A-Rod collecting one of his five hits

A-Rod collecting one of his five hits

Monday’s game: May 25, 2009 (At Texas)

The only thing that felt awkward for Alex Rodriguez was wearing a red New York Yankees cap.

 A-Rod certainly wasn’t bothered by hearty boos he heard in his first game in Texas since admitting earlier this year that he used steroids while playing for the Rangers. 

Even while insisting there was no extra motivation, Rodriguez had the perfect response: matching a career high with five hits and driving in four runs in the Yankees 11-1 victory over the Rangers.

 “There’s no panic. I know exactly what I’m capable of doing,” Rodriguez said. “I’m feeling much better each and every day.”

After singling in the eighth inning in his fifth at-bat, A-Rod was lifted for a pinch runner with the Yankees already up 10-0. His first five-hit game since April 2005 raised his batting average 70 points — from .189 to .259. He had 10 hits his previous 16 games since being activated from the disabled list May 8.

Phil Hughes (3-2) limited the Rangers to three hits over eight shutout innings, leaving after 101 pitches. He had allowed 17 earned runs in 15 2/3 innings since throwing six scoreless innings in his first start of the season April 28 at Detroit.

Chris Davis celebrates one of his two homers against the Yankees

Chris Davis celebrates one of his two homers against the Yankees

Tuesday’s game: May 26, 2009 (At Texas)

His slump stretched to 1 for 30, Texas slugger Chris Davis at least felt he was making progress.

 Now he has something pretty cool to show for it: the first two-homer game of his career.

I was so happy to have two hits, I didn’t even care,” Davis said after his pair of solo shots helped the Texas Rangers beat the Yankees 7-3.

The start was held up 2 hours, 24 minutes because of rain. Due to the delay, the Yankees knew that Boston had lost, which meant a win would’ve tied them with the Red Sox for first place in the AL East

Joba Chamberlain gave up two runs in the first inning, then allowed Davis’ first homer leading off the fourth. Although the Yankees tied it at 3 in the top of the sixth, Jarrod Saltalamacchia restored Texas’ lead with a looping single in the bottom of the inning. Davis added an upper-deck homer in the eighth.

 OK, so he also struck out twice, upping his majors-leading total to 68. But after a recent 0-for-25 drought, it’s understandable that he’s going to remember this game for the homers, which give him 12 for the season.

 “The last few weeks have been about as tough as they could be so to have a night like tonight, it’s very encouraging,” Davis said. “I’m definitely going to take the two home runs away from this and try to build on it.”

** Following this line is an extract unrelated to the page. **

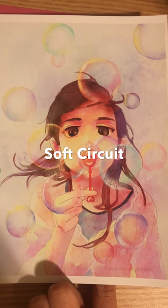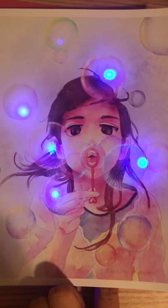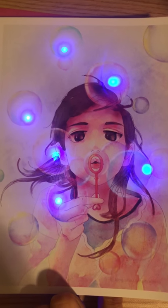I created this card with soft circuit. When you press the button, the bubbles will light up, giving the card an aesthetic feeling.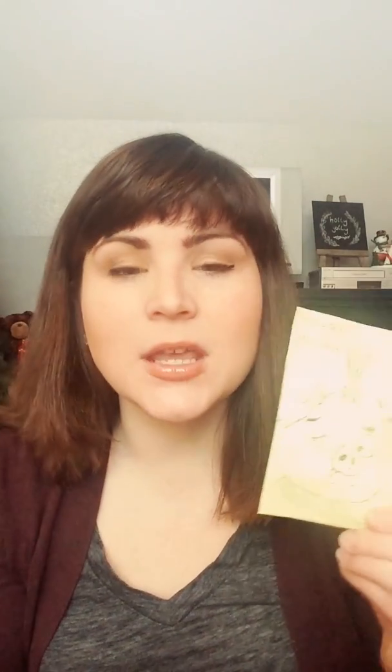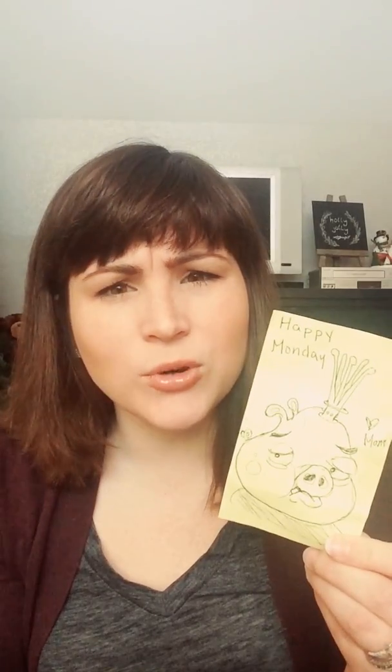Thanks for watching. Feel free to leave comments and make sure that you're liking and subscribing. If you guys want any more tips or tricks or have questions about things you're struggling with, let me know — I'll see if I have a little thing that can help you out. Have a great day, thanks for watching.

Jason Jennings (2-1) got two outs in the sixth for the win, and Frank Francisco finished up. Davis’ second homer cost him a save opportunity.

 Marlon Byrd had a two-run single in the first inning to get the Rangers going, then scored the go-ahead run after a double off Yankees reliever Alfredo Aceves (3-1).

The Yankees, who’d won 11 of 13, had a lot going for them — 13 hits, a season-high five stolen bases, plus more freebies via a wild pitch and a passed ball.

But they failed to take advantage, such as hitting into double plays to end the seventh and eighth innings. 

A.J. Burnett pitches six shutout innings for the win

A.J. Burnett pitches six shutout innings for the win

  Wednesday’s game: May 27, 2009 (At Texas)

A.J. Burnett used a simple plan to end six weeks of struggles.

 Burnett pitched six shutout innings to win for the first time since April 14, Hideki Matsui homered twice and the Yankees gained a share of the AL East lead by beating the Texas Rangers 9-2.

The right-hander, who was 0-2 with a 6.04 ERA over his past seven starts, said he wanted to stay aggressive against a hard-hitting Rangers lineup.

 “I basically went after them,” Burnett said. “I didn’t leave anything over the plate. That’s a big difference. When you don’t make mistakes, they can’t capitalize.”

 Burnett (3-2) allowed three hits, walked four and struck out seven to snap his longest winless drought since the end of the 2005 season.  

After winning 18 games with the Toronto Blue Jays in 2008, Burnett won his first two starts in pinstripes before his lengthy slump.

“That’s the A.J. we all know and love,” said Mark Teixeira, who hit his 15th homer. “It all starts with starting pitching. If we get good starting pitching, we have a chance to win every single night with this offense.”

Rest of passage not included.